Bliss at Sathimure

October 31, 2018.

You have been climbing for three hours. Every pore of your skin is sweating. Your legs are tired. Your head is spinning. You are still conscious of not slipping down the narrow foot trail. There are small round seeds that have fallen off the tress beside the trail. They threaten your existence. The peak is just “there” but you can’t seem to reach it. The peak is just at an elevation of thousand metres, and it takes your breath away. “What if it was Mount Everest?” you ask.

One of your friends, Anish, climbed a five-thousand metre peak last year, above the Everest Base Camp. “It was cold. I felt my fingers would fall off. But once I reached the peak, I forgot all the pain.”

‘This is not even a tenth of the harshness of close to the Everest’, you think. Your spirit lifts up a little. Legs drag you up better than they had a couple of minutes back. But your lungs are not helping. Your low stamina hampers your movement.Luckily, your friends are in your support. They themselves are tired, but they do not lose the hope of reaching the peak. The hope of finding the target village-Sathimure.


Your climb began from Mugling—an old hub connecting Kathmandu, Pokhara and Chitwan with three of your friends: Anil, Anish and Ishwor. The town is at the altitude of about 180 m from the mean sea level,well-developed, full of life. Your twenty-eight years old topographic map shows a foot-trail leading to the village in question. The policemen show you a road. It looks easy, but it’s long. ‘How long will you have to walk?’ you discuss with your friends. You and your friends decide to take a foot trail if possible.

You are not hiking. It’s a geological exploration. You measure the rock orientation, wonder at the folds you see and imagine the amount of stress the region might have undergone. You know these rocks tell the history of the evolution of the Himalayas over a million years. These mountains are not as tall as the mighty mountain peaks that are popular as the Himalayas or Great Himalayas. You call them Lesser Himalaya, but reaching its peak is tough. More so, when you realize you have to climb up another two hundred metres and climb down to Kalikhola if you are to make an accurate geological map. But you lack time, and you make a rush.

You realize your stamina has lowered because of eating and sleeping for the last couple of months. You are panting. You take long breaths. Nothing helps. You have not walked a mile and you have felt the heat. You strip off your jacket. Your body balances heat by sweating. You reach a shade. The sweat cools you. After a rest, you don’t want to move. Yet you carry your legs forward. “Return back if you can’t,” your friends suggest. It’s a good advice. One person should not slow the group. Yet your ego gets hurt. You can’t give up before it has begun.

You ask help from the locals. Most of them are girls. Some help, some don’t. It’s a cultural thing. Villagers don’t trust city men. Girls are told to shy away from men in most of the occasions. Male-female interaction is still spied in the cities. Anyway, you find help and catch a foot-trail, width decreasing with each footstep.

You don’t find villages along the trail. One house at an interval of about one-hundred metres climb. They have farms and gardens. You and your friends express desire to reach Kalikhola. The locals say it’s a dangerous path. Three people died some months back. You and your friends are scared. Safety comes before the map. Your teachers did not expect you to go all the way. You give up the thought of completing the track. Had you been allowed to stay for a day at Sathimure, you could have hit the target. But you have restrictions. You decide to reach the village, at least.

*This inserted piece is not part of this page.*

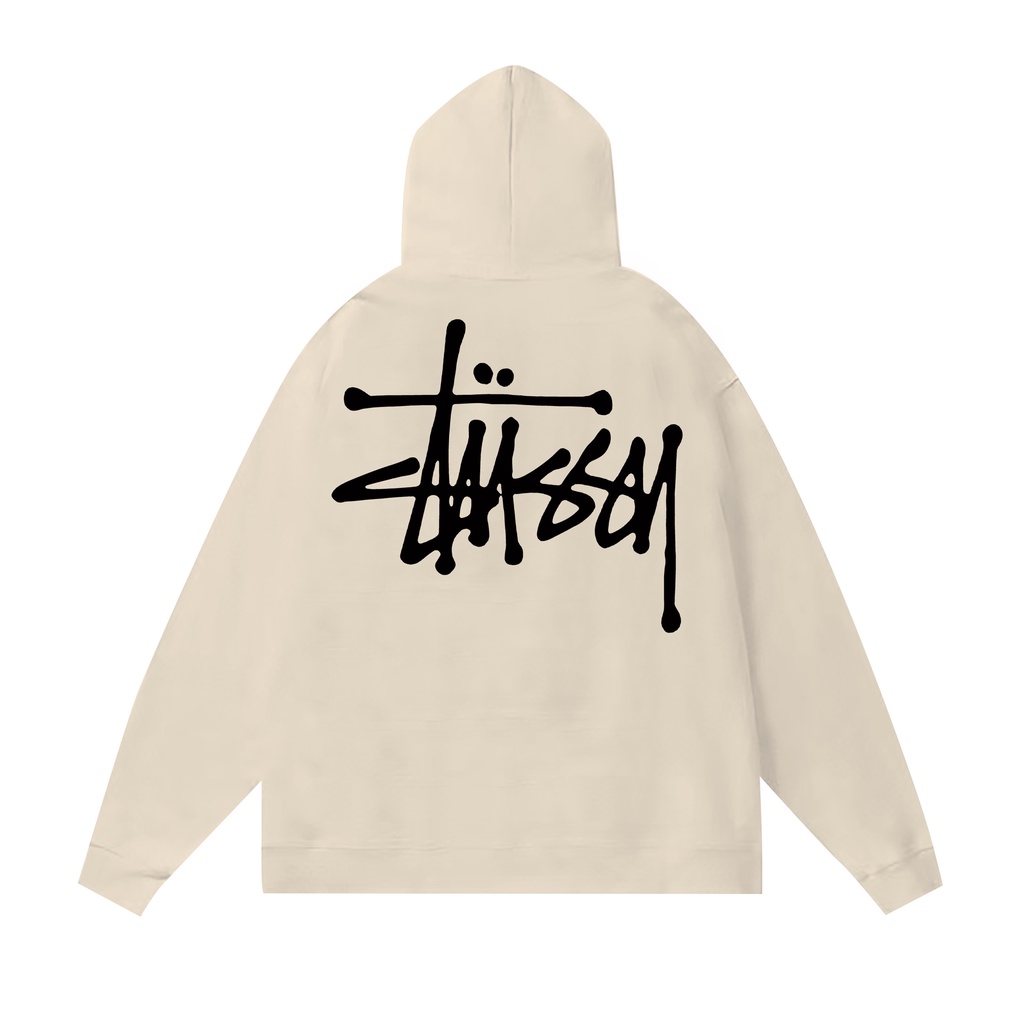 Áo Hoodie In Chữ stu-ssy ss23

A garden somewhere in the route


“Look out for the real trail,” Anish calls. Foot-trail has forked. Each time you saw a fork, you made a unanimous decision: “Take the route that goes up.” This time, the up-going trail looks dangerous. Ishwor says the other path goes nowhere. “Are we stuck?” you fear. Anil goes up the dangerous route, reaches the peak and calls out. You follow. The ground is slippery and covered with grass. You don’t know where you are stepping. “Goats would not climb this,” your friends behind you tell. You are attacked by ants.One last step. And you reach the top. You lose yourself for a moment. At that moment, you have become victorious over the mountain. You feel blessed.

A little farther, you see what you had been longing for. Sathimure. A small village. A place where you have found solace in it even from the distance. Bamboos, oranges, cucumbers and other fruits and vegetables. A farming village. That’s what you wanted all day.

The village has less than twenty houses—small, all of them painted in blue and red. The people are amicable. Your group wants to buy some oranges. They don’t fix a price. “Give whatever amount you want to give.” These people have hardships. There is some help from the NGOs but the nearest town, Mugling, is miles downhill. There is no good road. They have to buy everything.Yet, they are generous. They don’t take our offer for granted. They believe in emotional relationship, not commercial. They give you noodles. You longed for it but can’t help wonder that noodles have made way into even in a village that small.You eat anyway. The taste reminds you of home.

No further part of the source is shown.